AMD's documentation for IRET contains similar pseudocode:

IF (changing CPL)
{
   FOR (seg = ES, DS, FS, GS)
       IF ((seg.attr.dpl < CPL) && ((seg.attr.type = ’data’)
          || (seg.attr.type = ’non-conforming-code’)))
       {
           seg = NULL  // can’t use lower dpl data segment at higher cpl
       }
}

(From the AMD64 Architecture Programmer's Manual, Volume 3, Revision 3.25, December 2017.)

Note that not all versions of QEMU implement this faithfully in their emulation of x86.

Possible uses

It is possible to detect interrupts without this using method by using a high-resolution timer (such as x86's RDTSC instruction). However:

  • Sometimes hi-res timers are disabled. Sometimes this is out of concern about side channel attacks.

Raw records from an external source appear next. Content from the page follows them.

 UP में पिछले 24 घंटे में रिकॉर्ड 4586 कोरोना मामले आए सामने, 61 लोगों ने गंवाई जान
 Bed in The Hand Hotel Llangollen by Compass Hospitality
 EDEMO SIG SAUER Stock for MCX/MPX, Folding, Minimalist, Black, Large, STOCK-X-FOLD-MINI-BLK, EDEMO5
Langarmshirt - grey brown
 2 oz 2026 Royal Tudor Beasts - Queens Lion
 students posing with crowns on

In particular, it is possible to disable the RDTSC instruction.
  • Even if a process uses a timer to detect delays in its execution, this doesn't tell it the cause of a delay for certain. In contrast, checking %fs/%gs will indicate whether a delay was accompanied by an IRET.

So, this technique lets us classify delays.

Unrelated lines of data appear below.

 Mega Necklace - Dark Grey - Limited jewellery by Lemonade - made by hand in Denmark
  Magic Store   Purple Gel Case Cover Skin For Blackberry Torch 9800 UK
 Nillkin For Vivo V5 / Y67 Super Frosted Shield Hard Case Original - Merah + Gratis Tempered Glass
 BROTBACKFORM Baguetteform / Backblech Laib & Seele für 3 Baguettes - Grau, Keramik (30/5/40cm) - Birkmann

This could be useful for microbenchmarking. If we're repeatedly running an operation and measuring how long it takes, we can throw out the runs that got interrupted, and thereby reduce the noise in our timing data -- an alternative to using statistical techniques for removing outliers. However, this technique won't catch interrupts that are handled while executing syscalls, because an IRET that returns to kernel mode won't reset the segment registers.

This could be useful if we're trying to read from a side channel by timing memory accesses. We can throw out accesses that got interrupted. Again, this is a way of reducing noise. However, if interrupts occur infrequently, it's possible that they don't cause enough noise for the extra work of using this technique to be worthwhile.

Mitigation via virtualisation

This issue does not occur if the userland process is running in a hardware-virtualised VM and the process is interrupted by an interrupt which is handled outside the VM. I tested this using KVM on Linux. In this case, the interrupt will cause a VMEXIT to occur; the hypervisor will handle the interrupt; and the hypervisor will use the VMENTER instruction (rather than IRET) to return back to the virtualised userland process.

It appears that the pair of VMEXIT/VMENTER operations will -- unlike IRET -- save and restore all of the segment register state, including the hidden state.